Election sideshows tell their own stories

Every election has its sideshows – some which happen spontaneously, others that seem planned and engineered carefully and still others that are a bit of both. In the run up to next Saturday’s election, the political campaigning has seen its own share of sideshows and is quite likely to see some more in the remaining week.

While a campaign sideshow can be seen exactly as that – a sideshow – it can also hint at a lot of the goings on behind the scenes in political parties, their style of working, their policies, their leadership, their attitudes and responses toward their rivals – and even a nation’s electoral system.

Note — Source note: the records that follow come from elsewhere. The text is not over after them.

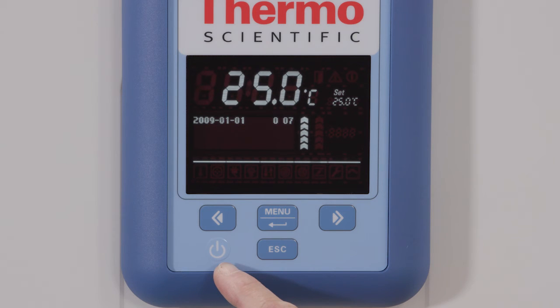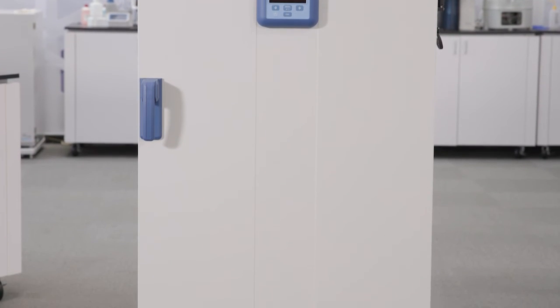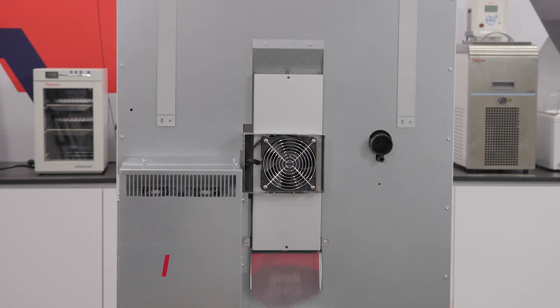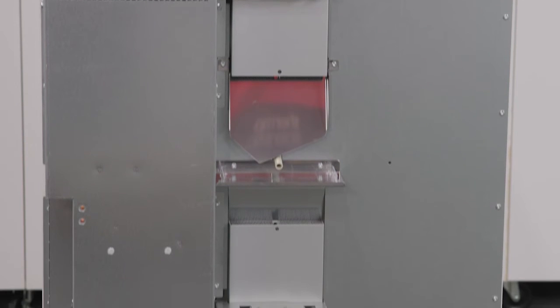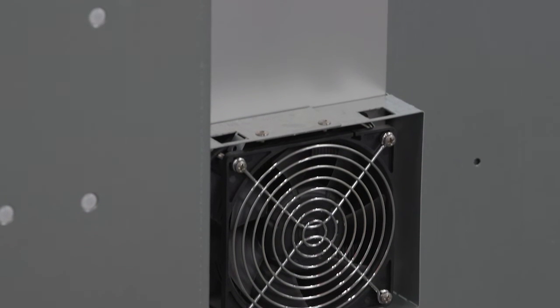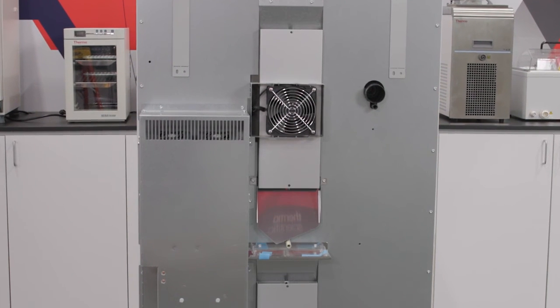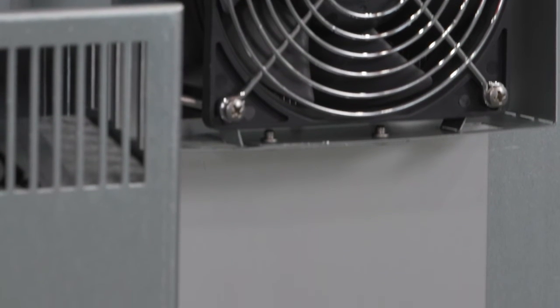For further information, please refer to the user manual included with your unit. Now that your incubator is installed, let's review some benefits that the Heratherm refrigerated incubator provides your laboratory. At the back of the unit, you will see the two Peltier modules used to maintain temperature. Peltier technology requires low energy consumption, particularly in the range of 15 to 25 degrees C, and never requires defrosting. The thermoelectric technology also enables temperature uniformity and stability with minimal vibration disruption, with the only moving part being the fan to optimize temperature distribution.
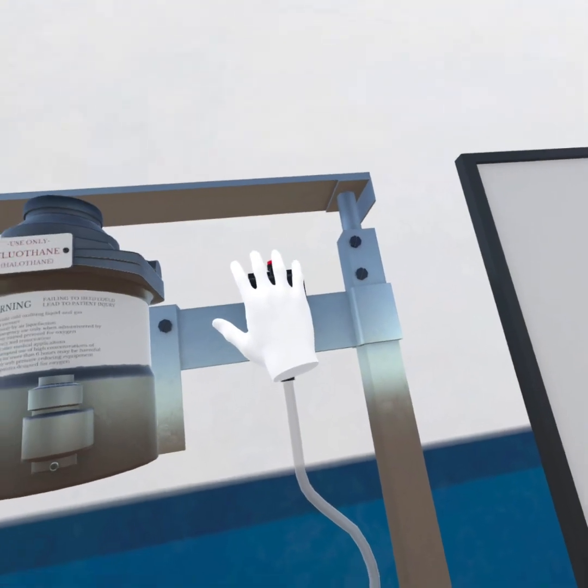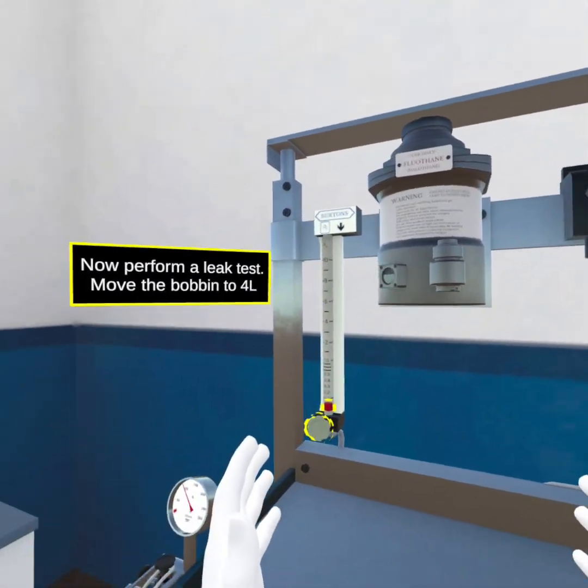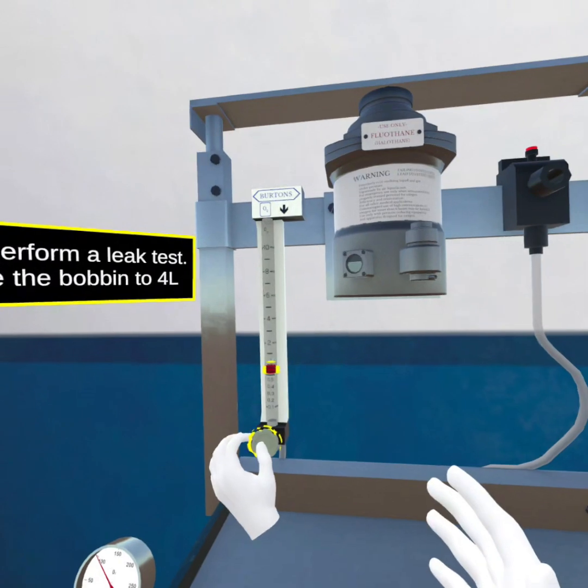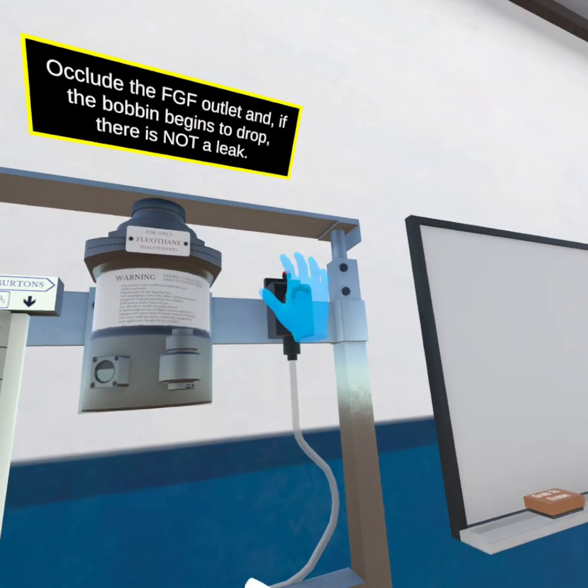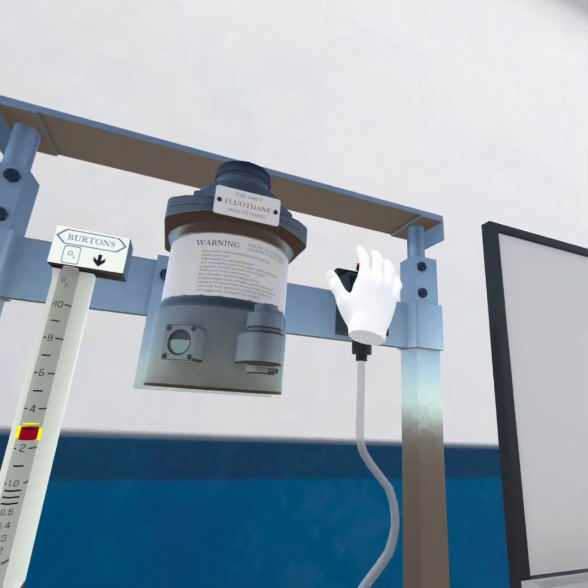Now perform a leak test. Move the bobbin to 4 litres. Occlude the FGF outlet and, if the bobbin begins to drop, there is not a leak. Reset the bobbin back to the bottom.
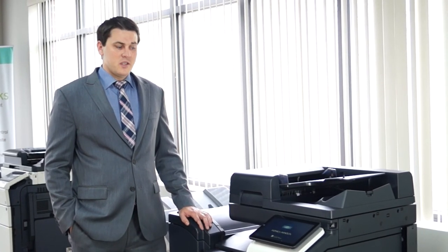Thank you for watching our short video on the basic training of the Konica Minolta i-Series. If you want to learn more, head to cobbtechnologies.com.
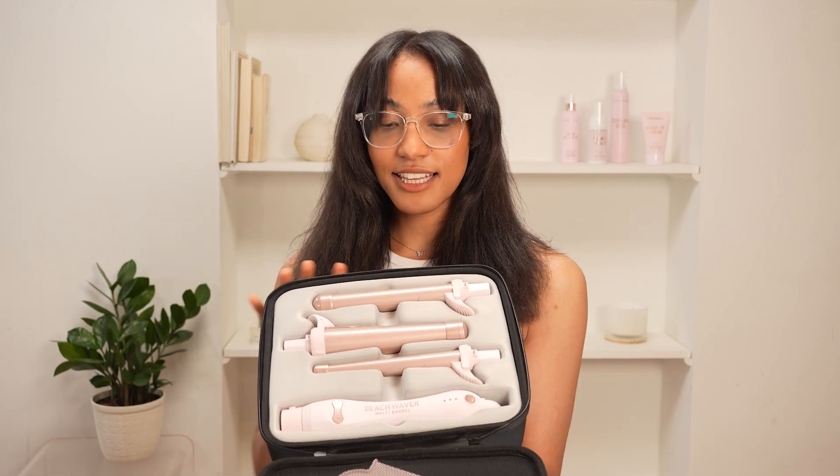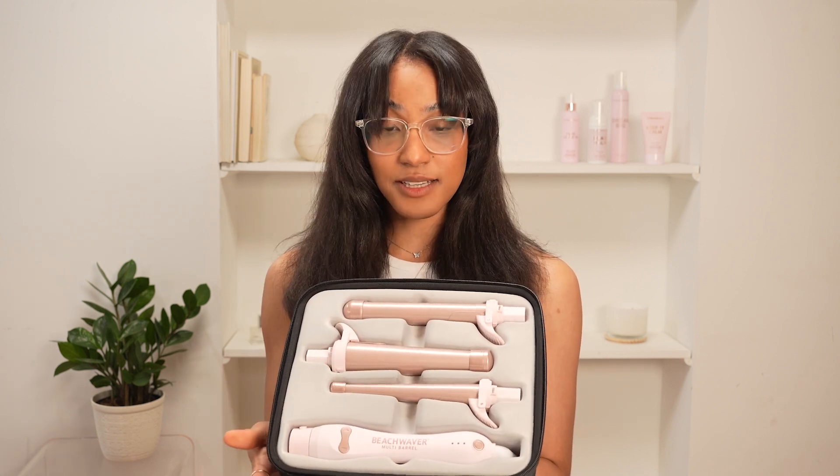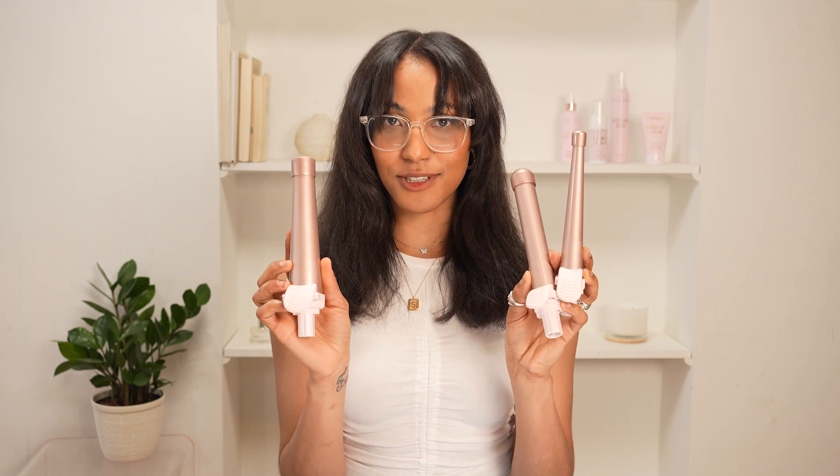Hey guys, this is a new Beach Waver tool. I'm so excited to open it up and show you guys what's inside. This is Beach Waver's multi-barrel. It comes with three different attachments here — this is all the sizes that we have. I can't wait to see which one is my favorite.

And what might well be called a sideshow of a sideshow, it also exposes the media’s biases and prejudices as it goes about reporting these sideshows in an atmosphere that is charged with a sense of anticipation as election day approaches.

Driving around some parts of Auckland in the past couple of weeks, I found a number of National Party billboards – or hoardings – that were either defaced or had messages added to them. At first I thought it was some random, rather inspired vandalism. But as more such doctored signs came in sight I wondered if there indeed was a coordinated plan to deface them in what is a known Labour stronghold.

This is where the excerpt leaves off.